Posted on:2008-02-27Degree:Ph.DType:Thesis
University:State University of New York at AlbanyCandidate:Bidjerano, TemiFull Text:PDF
GTID:2447390005972339Subject:Education
Abstract/Summary:
This study explored the occurrence of shame and guilt in response to student report card grades among fourth-grade students from two different countries—the United States and Bulgaria—and investigated potential contributors to such negative emotional experiences. Guided by the understanding that student affective reactions stem from differences in individual predispositions, social interactions, and their interplay, the study focused simultaneously on personal and environmental factors. It was hypothesized that the self-conscious emotions of shame and guilt in response to academic failure would be triggered by four key factors: perceived failure, parental evaluative feedback, children's negative affectivity, and culture.

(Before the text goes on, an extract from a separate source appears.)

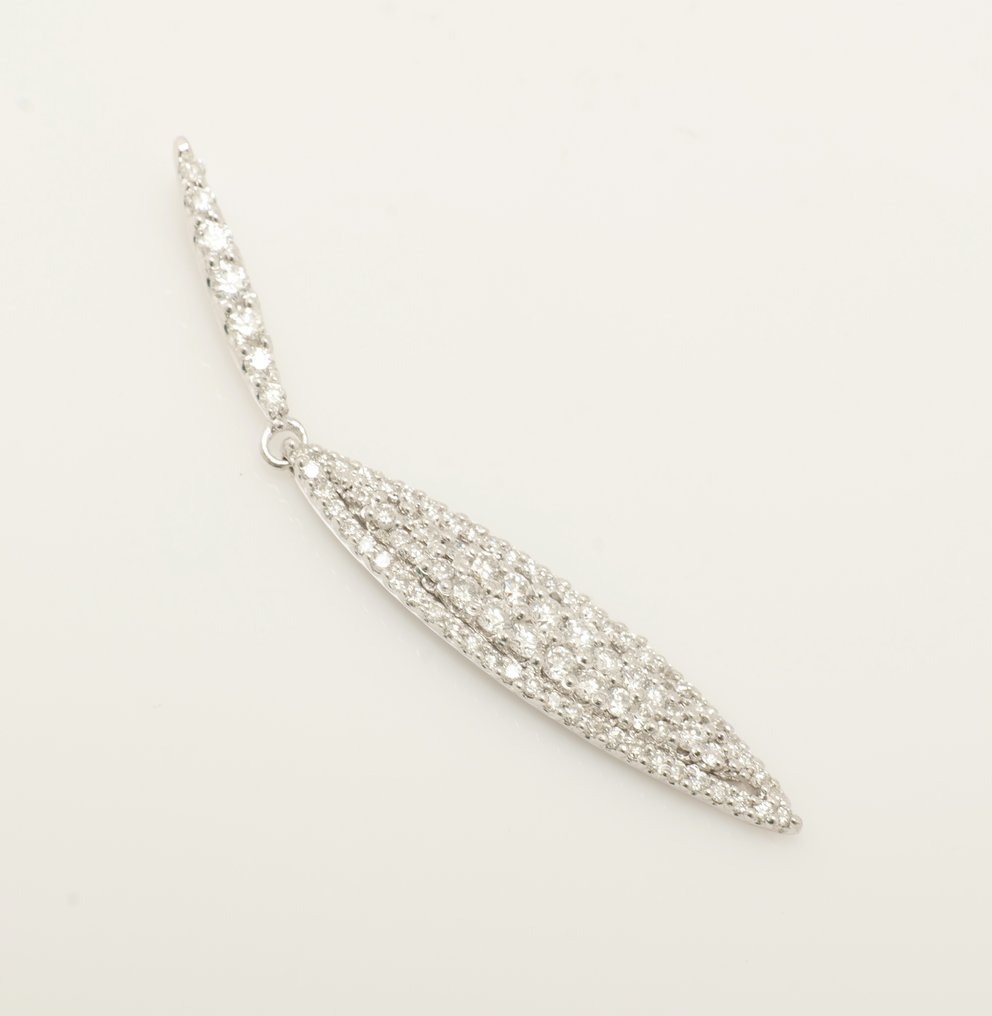 Pandantiv - 14 ct. Aur alb - 0.99ct. tw. Diamant (Natural) - Pandantiv în formă de marchiză #3.2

Within this causal system, parental evaluative feedback and children's level of anxiety were identified as mediators between student perceptions of academic failure and the resulting emotions of shame and guilt.;The study provides insights about an array of factors that might underlie children's emotional experiences. It also draws upon data analytic techniques that have been proclaimed as highly effective in dealing with the idiosyncrasies of cross-cultural research yet have remained largely underutilized.;Survey research methodology was utilized with 9- and 10-year-old children from U.S. and Bulgaria. Structural equation modeling was employed for the purposes of hypothesis testing. The analysis showed that regardless of culture-specific factors, negative affectivity, as an inborn or behaviorally learned predisposition to experience highly negative emotions, predicts shame and guilt towards academic failure. However, culture conditions the relative importance of some family process variables in children's experiences of shame and guilt. Bulgarian children's experiences of shame and guilt were amplified by the negative valence of their parents' evaluative feedback in the aftermath of academic failure. This was not the case for the U.S children, whose perceptions of failure appeared to be less influenced by their parents' judgments of their demonstrated academic performance.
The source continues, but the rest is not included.